• **YOUR GOAL**:
Print, word for word, the line containing "Front view of" and all lines beneath it to the end of the entries below. Pictures do not belong in the copy.

(Excerpts from a dataset)
========
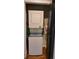 A laundry area showcasing a stacked washer and dryer unit and convenient storage solutions at 4212 Logan Dr, Loganville, GA 30052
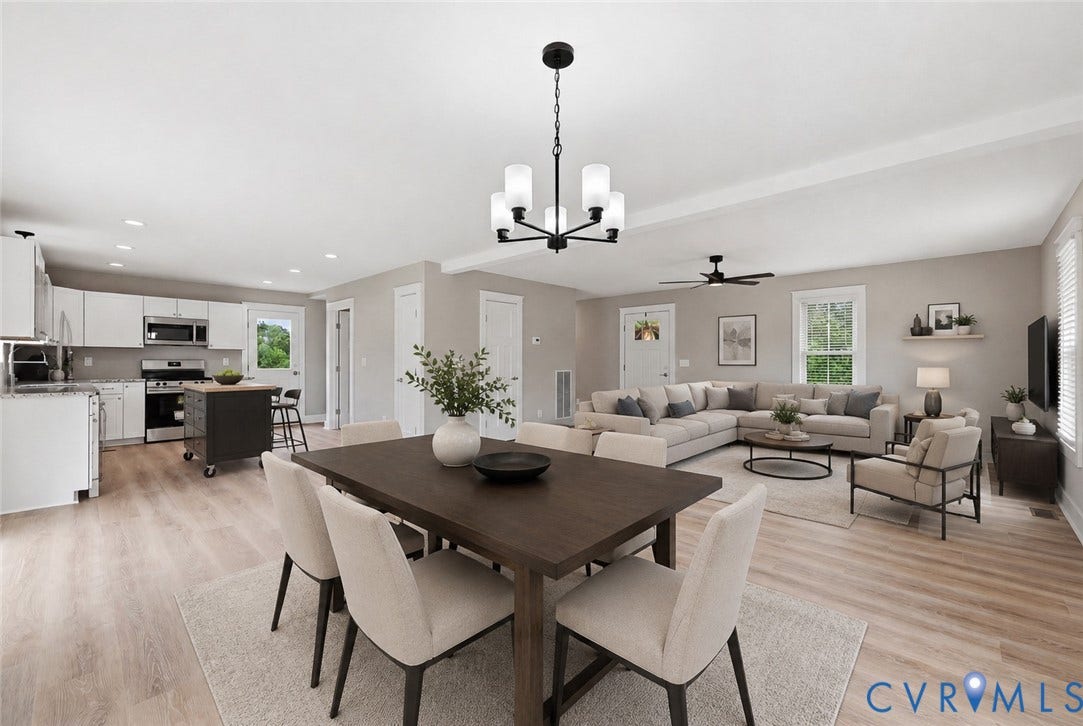 Open-concept living space featuring wood-finish flooring, recessed lighting, and neutral wall tones Viturally staged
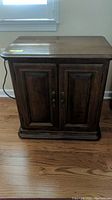 Front view of the Ethan Allen nightstand showing dark wood finish and double doors with metal handles.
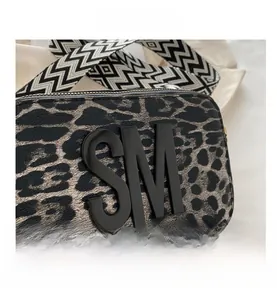 Detail of leopard print camera bag with black 3D logo and zigzag woven shoulder strap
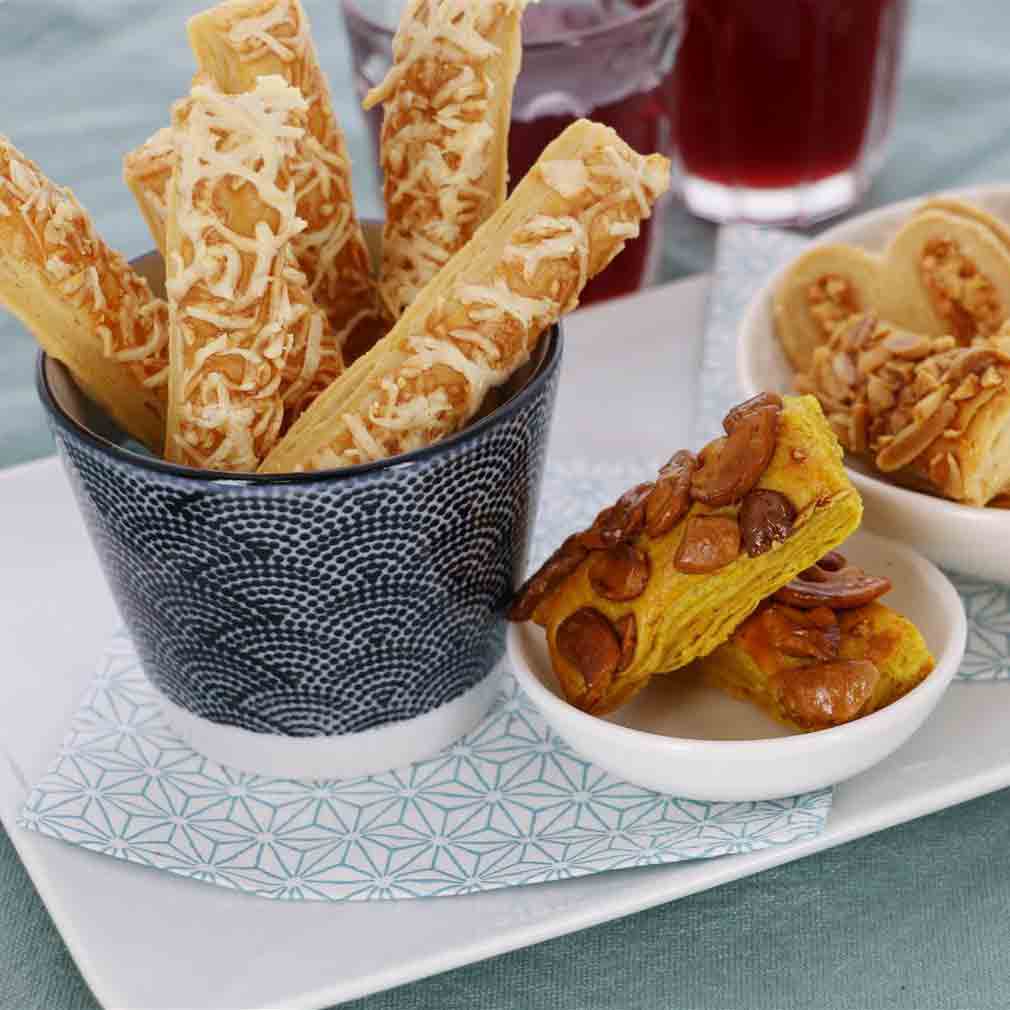 Käsegebäck in Schale, serviert auf Tisch mit Getränken.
========
• **RESULT**:
 Front view of the Ethan Allen nightstand showing dark wood finish and double doors with metal handles.
 Detail of leopard print camera bag with black 3D logo and zigzag woven shoulder strap
 Käsegebäck in Schale, serviert auf Tisch mit Getränken.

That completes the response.